The Australian described "Mexican Wedding" as "the one that's hardest for the more conservative rock aficionados to come at – but hear it out. It'll repay you. The Latino bar-band feel would likely fall apart in lesser hands, but here it just makes sense, swaggering with almost a Bruce Springsteen/Tom Waits kind of jauntiness. Way more than a novelty song, even if it feels a little like it at first."

==Critical reception==
The Australian declared the album a typical contribution from Cold Chisel. "Jimmy Barnes screaming like a Torana doing a burnout on blown tyres. Awkward harmonies. Lyrics about trucks, police, women and 'feeling like shit'. A beat you can dance to without spilling your beer, and guitar solos you can’t. Staccato notes filling silence with menace and brooding. And so on."

The Sydney Morning Herald also declared the album "unmistakable Chisel. It delves further back to their rock'n'roll roots with chief songwriter Don Walker carving up the keys, guitarist Ian Moss both gritty and sublime." It was awarded four of a possible five stars.
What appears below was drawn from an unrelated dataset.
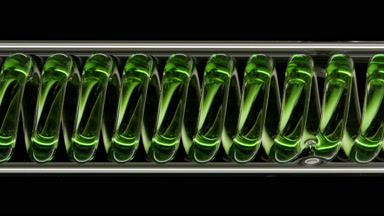 Green liquid in horizontal coil condenser on black background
Reviewed in Rolling Stone Australia, the first song was said to "slam in at full tilt, Don Walker hammering a low left-hand boogie while Jimmy Barnes exercises a newfound clarity in his upper register." It was noted that the band "rush at their second album in three years with the reckless exhilaration of greener days."

==Track listing==

| No. | Title | Writer(s) | Length |
|---|---|---|---|
| 1. | "Alone for You" | Walker | 3:10 |
| 2. | "The Backroom" | Walker | 3:35 |
| 3. | "All Hell Broke Lucy" | Barnes, Ben Rodgers | 4:06 |
| 4. | "The Perfect Crime" | Walker | 2:40 |
| 5. | "Long Dark Road" | Barnes, Ben Rodgers | 4:34 |
| 6. | "Four in the Morning" | Walker | 5:22 |
| 7. | "The Mansions" | Walker | 3:13 |
| 8. | "The Toast of Paris" | Walker | 4:43 |
| 9. | "Shoot the Moon" | Moss, Matt Scullion | 3:30 |
| 10. | "Mexican Wedding" | Walker, Small, Moss | 3:35 |
| 11. | "Get Lucky" | Small | 3:02 |
| 12. | "Bus Station" | Walker | 5:12 |
| 13. | "Lost" | Walker, Wes Carr | 4:06 |
| 14. | "Romantic Lies" (bonus track) | Walker | 3:30 |
| 15. | "Blue Flame" (bonus track) | Walker | 4:14 |
| Total length: |  |  | 58:32 |

==Personnel==
- Jimmy Barnes – lead vocals, backing vocals
- Ian Moss – guitars, backing vocals, lead vocals ("Get Lucky", "Shoot the Moon")
- Phil Small – bass, backing vocals
- Don Walker – keyboards, piano, backing vocals
- Charley Drayton – drums, backing vocals

==Chart positions==

===Weekly charts===

| Chart (2015) | Peak position |
|---|---|
| Australian Albums (ARIA) | 2 |
| New Zealand Albums (RMNZ) | 7 |

===Year-end charts===

| Chart (2015) | Position |
|---|---|
| Australian Albums (ARIA) | 47 |

==Certifications==

| Region | Certification | Certified units/sales |
| Australia (ARIA) | Gold | 35,000^{^} |
^{^} Shipments figures based on certification alone.